Mufti Mohammad Farhan juggles numerous responsibilities at the Islamic Center of Long Island in New York. On a Friday afternoon, he finishes leading prayers and departs for a funeral at the mosque. Since the pandemic, however, he has taken on a new role: identifying those in the Muslim community who need mental health support and referring them to clinical experts and therapists. 

Across the United States, Muslim attitudes toward mental illness are changing, as is the role of the mosque. Following the COVID-19 pandemic, Muslims have been more willing to engage in public conversations regarding mental health issues, including the taboo subject of suicide. Imams and religious leaders have responded to worsening mental health problems in a variety of ways, including by taking mental health training. Although limited, such training can be a first step toward imams becoming a crucial part of the solution to their community’s mental health needs. 

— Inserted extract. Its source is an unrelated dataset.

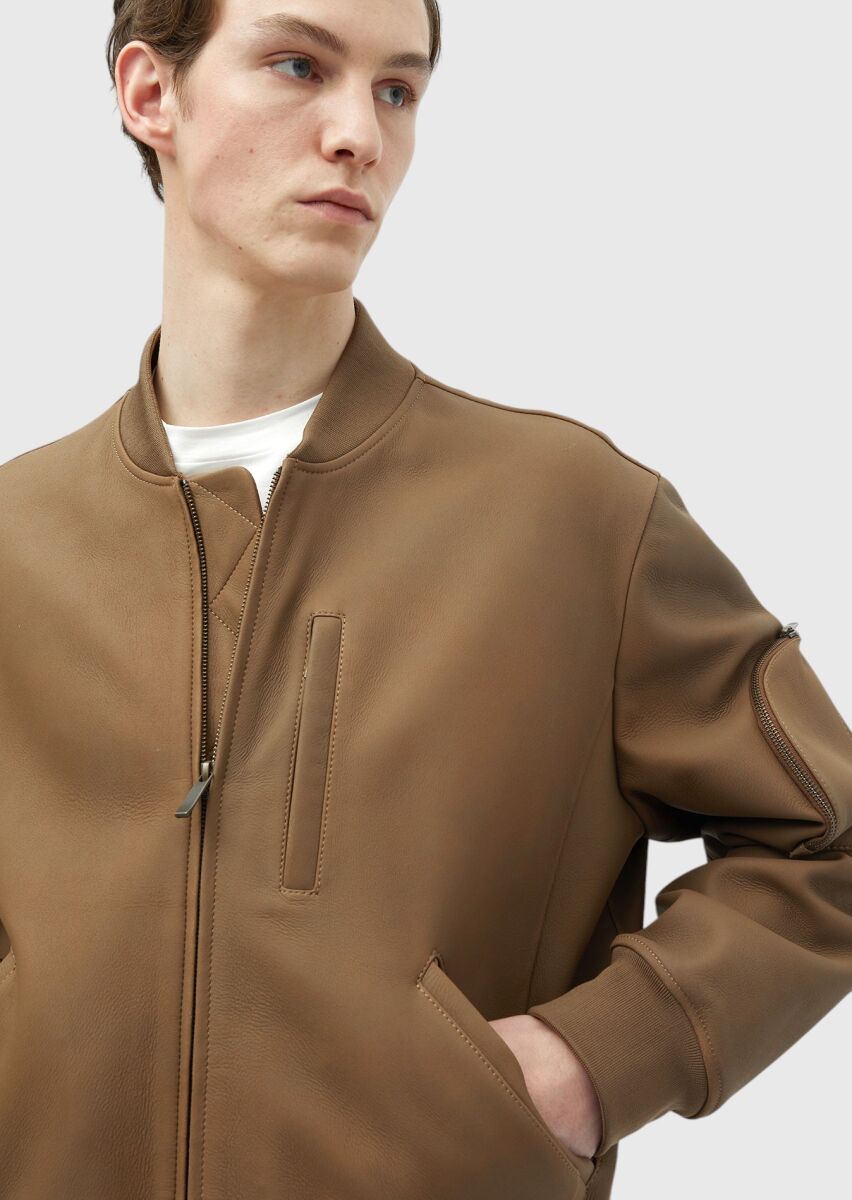 Buff Regular Fit Turtleneck Casual Suede Leather Coat - 5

“We are often the first responders to mental health crises, because there is a trust factor that was built over time, and because of the huge stigma within our community,” explains Mufti Farhan, a soft-spoken religious leader who grew up in New York.

From a distance, the Islamic Center of Long Island on Brush Hollow Road appears more like a large complex of well-funded administrative offices and classrooms than a space for prayer. It is the oldest mosque on Long Island, accommodating up to 500 people, as well as shelter houses and a community pantry for those in need.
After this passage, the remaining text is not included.